### TO DO
Starting with the line with "welpen_großer_" in the entries below and going on through the line with "Colorado Potato Beetle", output every line exactly and nothing more. No pictures.

Start of INPUT DATA

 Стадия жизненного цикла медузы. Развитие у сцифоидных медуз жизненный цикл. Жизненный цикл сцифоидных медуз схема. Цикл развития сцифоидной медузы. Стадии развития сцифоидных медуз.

End of INPUT DATA
Start of INPUT DATA

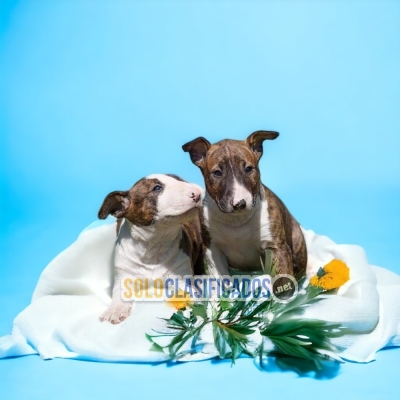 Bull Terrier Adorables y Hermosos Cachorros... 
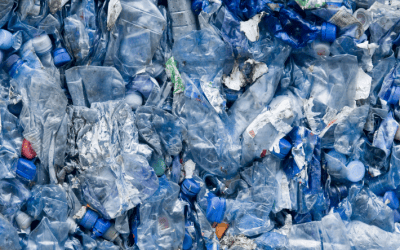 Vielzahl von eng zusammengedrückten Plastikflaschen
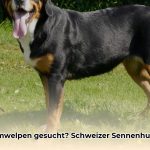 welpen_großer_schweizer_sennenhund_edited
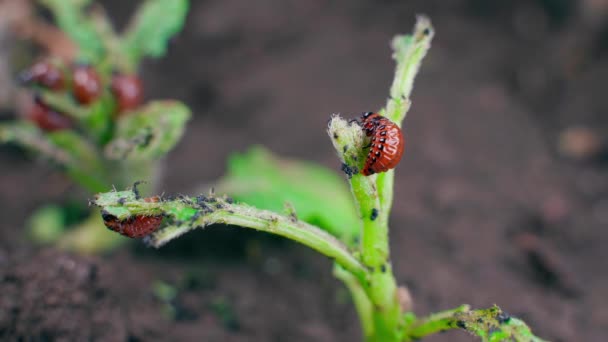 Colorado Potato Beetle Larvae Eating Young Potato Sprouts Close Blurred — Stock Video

End of INPUT DATA

### EXPECTED ANSWER
 welpen_großer_schweizer_sennenhund_edited
 Colorado Potato Beetle Larvae Eating Young Potato Sprouts Close Blurred — Stock Video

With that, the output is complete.